At that point, State Farm decided that it had a valid defence pursuant to s. 31(1)(a)(i), based upon the position that Hiwad purchased the motorcycle on the date of the accident. I have no evidence that State Farm sought information from Feredon, the registered owner who was identified in the police reports, to support its contention. Feredon was not called as a witness, and the evidence does not disclose what efforts were made by State Farm to contact Feredon. It appears that State Farm simply decided to call P.C. Thompson to testify as to the evidence that it was relying upon, not anticipating the possibility that evidence might be called on behalf of Hiwad to refute P.C. Thompson's conclusions concerning ownership at the time of the accident. State Farm did not request, after the call from P.C. Thompson, a specific response from Hiwad pursuant to s. 33(1) of the Schedule concerning the ownership issue, nor seek a s. 33(2) examination with respect to that issue. Hiwad and Roshan had willingly attended an Examination Under Oath in the priority Arbitration proceeding. Granted, State Farm may have thought that Hiwad's memory was impaired to the point that a s. 33(2) examination would not be productive, with respect to the issues before me. If State Farm had followed up with P.C. Thompson, early on, it is probable that further investigation of the ownership issue would have resulted. Indeed, it was not until shortly before the PIH began that Ms. Apiou learned that the police had not provided its full report. P.C. Thompson failed to attend the first day of the PIH, and Ms. Apiou requested an adjournment to secure the attendance of P.C. Thompson, and, on August 7, 2015, a further opposed adjournment to secure the attendance of a previously undisclosed witness, i.e. Mr. Somwaru. I granted leave to State Farm to call Mr. Somwaru, by my interlocutory Order dated September 17, 2015.

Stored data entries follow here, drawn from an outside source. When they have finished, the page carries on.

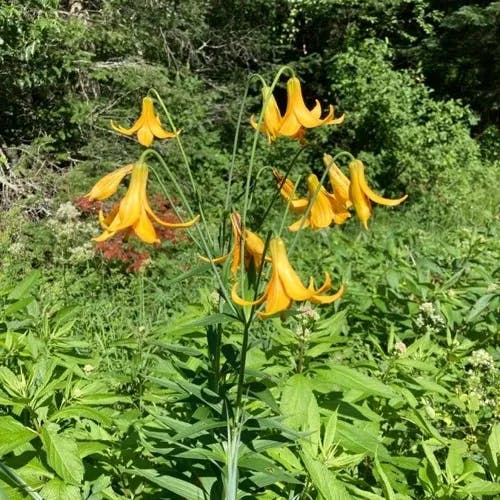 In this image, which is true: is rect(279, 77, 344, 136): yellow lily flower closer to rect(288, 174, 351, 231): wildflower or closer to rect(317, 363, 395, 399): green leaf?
rect(288, 174, 351, 231): wildflower

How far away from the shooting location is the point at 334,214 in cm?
161

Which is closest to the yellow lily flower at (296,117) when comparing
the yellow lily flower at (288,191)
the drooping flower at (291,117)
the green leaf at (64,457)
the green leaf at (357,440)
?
the drooping flower at (291,117)

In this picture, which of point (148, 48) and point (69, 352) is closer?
point (69, 352)

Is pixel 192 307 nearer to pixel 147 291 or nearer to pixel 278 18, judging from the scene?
pixel 147 291

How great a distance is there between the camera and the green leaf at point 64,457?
1.36 m

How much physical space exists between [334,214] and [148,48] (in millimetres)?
6697

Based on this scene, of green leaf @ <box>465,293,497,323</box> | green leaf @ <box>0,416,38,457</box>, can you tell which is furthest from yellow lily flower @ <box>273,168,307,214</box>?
green leaf @ <box>465,293,497,323</box>

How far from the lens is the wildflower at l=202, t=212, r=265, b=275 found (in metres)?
1.43

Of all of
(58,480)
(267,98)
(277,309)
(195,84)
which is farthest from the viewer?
(195,84)

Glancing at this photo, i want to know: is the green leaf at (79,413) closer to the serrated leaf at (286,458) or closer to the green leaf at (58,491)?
the green leaf at (58,491)

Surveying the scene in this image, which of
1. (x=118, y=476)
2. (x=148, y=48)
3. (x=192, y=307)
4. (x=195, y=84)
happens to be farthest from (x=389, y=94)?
(x=118, y=476)

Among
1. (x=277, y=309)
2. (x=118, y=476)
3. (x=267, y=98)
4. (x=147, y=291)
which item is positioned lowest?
(x=147, y=291)

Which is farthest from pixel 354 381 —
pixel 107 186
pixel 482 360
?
pixel 107 186

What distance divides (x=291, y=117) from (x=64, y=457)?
0.93m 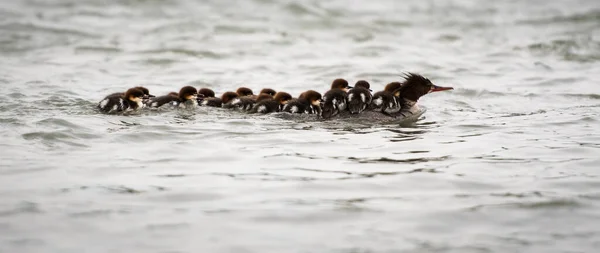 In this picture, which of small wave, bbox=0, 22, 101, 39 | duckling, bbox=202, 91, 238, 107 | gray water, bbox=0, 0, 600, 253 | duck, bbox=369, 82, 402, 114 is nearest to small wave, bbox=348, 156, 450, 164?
gray water, bbox=0, 0, 600, 253

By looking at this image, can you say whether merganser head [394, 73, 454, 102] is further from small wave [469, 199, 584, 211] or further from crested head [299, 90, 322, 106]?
small wave [469, 199, 584, 211]

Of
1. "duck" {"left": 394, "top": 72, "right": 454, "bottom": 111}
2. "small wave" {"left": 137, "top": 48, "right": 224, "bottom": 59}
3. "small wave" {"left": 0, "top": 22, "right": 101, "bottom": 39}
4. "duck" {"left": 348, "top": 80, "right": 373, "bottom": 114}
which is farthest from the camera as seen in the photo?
"small wave" {"left": 0, "top": 22, "right": 101, "bottom": 39}

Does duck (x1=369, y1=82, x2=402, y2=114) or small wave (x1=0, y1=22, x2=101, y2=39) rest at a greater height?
small wave (x1=0, y1=22, x2=101, y2=39)

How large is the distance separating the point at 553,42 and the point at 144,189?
9756 millimetres

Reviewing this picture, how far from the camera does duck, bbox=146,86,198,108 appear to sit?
863cm

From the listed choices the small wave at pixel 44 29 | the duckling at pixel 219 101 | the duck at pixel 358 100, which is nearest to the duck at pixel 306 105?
the duck at pixel 358 100

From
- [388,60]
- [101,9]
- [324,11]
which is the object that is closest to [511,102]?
[388,60]

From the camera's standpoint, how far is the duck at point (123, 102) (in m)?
8.41

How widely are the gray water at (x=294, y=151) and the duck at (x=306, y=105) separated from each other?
0.20 metres

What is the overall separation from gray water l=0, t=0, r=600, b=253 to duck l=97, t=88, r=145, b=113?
23 cm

The governing principle is the achievement of a just and fair Hearing. A Hearing would not be fair if a party, at the hands of the opponent, has suffered procedural detriment that would compromise the integrity of the PIH. State Farm was put at a disadvantage by the late disclosure of Pameer's anticipated evidence. Given the testimony of Roshan and Pameer at the PIH, I am concerned that Mr. Ciraku did not, early on, in response to State Farm's request for disclosure of information concerning ownership of, and insurance coverage on, the motorcycle, disclose that information. Since Roshan testified that he spoke to Pameer at the hospital on July 11, 2011, Roshan knew the alleged involvement of Pameer, and as Roshan was communicating with Mr. Ciraku on Hiwad's behalf, it is likely that Mr. Ciraku was apprised of that information when, or shortly after, the s. 31(1)(a)(i) potential defence was raised.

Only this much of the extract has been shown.